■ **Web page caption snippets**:
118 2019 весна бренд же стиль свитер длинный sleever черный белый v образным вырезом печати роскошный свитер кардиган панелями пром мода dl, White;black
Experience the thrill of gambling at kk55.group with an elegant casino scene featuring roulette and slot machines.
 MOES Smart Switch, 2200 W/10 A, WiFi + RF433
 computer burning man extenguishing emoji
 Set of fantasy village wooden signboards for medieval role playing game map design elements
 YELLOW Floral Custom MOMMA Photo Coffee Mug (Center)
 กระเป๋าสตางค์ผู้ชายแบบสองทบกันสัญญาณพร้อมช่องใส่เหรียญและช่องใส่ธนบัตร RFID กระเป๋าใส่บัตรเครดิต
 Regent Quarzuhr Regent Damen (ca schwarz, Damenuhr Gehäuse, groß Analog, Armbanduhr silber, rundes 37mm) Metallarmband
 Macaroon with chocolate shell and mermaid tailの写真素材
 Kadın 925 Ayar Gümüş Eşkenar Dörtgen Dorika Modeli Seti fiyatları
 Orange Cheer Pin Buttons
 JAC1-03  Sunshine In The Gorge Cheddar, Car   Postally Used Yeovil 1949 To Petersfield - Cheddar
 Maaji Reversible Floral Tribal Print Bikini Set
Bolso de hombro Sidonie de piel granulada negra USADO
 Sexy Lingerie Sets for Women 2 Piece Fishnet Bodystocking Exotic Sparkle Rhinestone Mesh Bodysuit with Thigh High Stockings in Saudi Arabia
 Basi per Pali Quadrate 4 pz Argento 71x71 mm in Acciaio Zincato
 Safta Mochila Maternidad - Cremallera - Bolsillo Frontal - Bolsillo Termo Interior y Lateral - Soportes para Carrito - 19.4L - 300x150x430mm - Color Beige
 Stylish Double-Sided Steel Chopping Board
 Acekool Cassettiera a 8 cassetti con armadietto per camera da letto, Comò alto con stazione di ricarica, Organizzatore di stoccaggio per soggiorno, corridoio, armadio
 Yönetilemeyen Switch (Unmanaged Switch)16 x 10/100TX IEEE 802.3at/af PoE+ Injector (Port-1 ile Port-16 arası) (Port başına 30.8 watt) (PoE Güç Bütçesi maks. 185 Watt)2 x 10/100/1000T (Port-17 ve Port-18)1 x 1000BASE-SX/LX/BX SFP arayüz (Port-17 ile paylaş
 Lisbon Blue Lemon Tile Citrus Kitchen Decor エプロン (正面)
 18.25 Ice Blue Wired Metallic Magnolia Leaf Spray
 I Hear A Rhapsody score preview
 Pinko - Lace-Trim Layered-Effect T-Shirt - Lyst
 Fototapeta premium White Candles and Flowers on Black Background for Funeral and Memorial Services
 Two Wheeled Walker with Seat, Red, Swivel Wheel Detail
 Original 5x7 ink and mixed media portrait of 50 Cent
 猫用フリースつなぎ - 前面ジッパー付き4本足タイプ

■ **Exercise prompt**: Only what runs from the line containing "Pinko - Lace-Trim" through the final line of the entries above belongs in the answer, restated exactly.

■ **Answer section**:
 Pinko - Lace-Trim Layered-Effect T-Shirt - Lyst
 Fototapeta premium White Candles and Flowers on Black Background for Funeral and Memorial Services
 Two Wheeled Walker with Seat, Red, Swivel Wheel Detail
 Original 5x7 ink and mixed media portrait of 50 Cent
 猫用フリースつなぎ - 前面ジッパー付き4本足タイプ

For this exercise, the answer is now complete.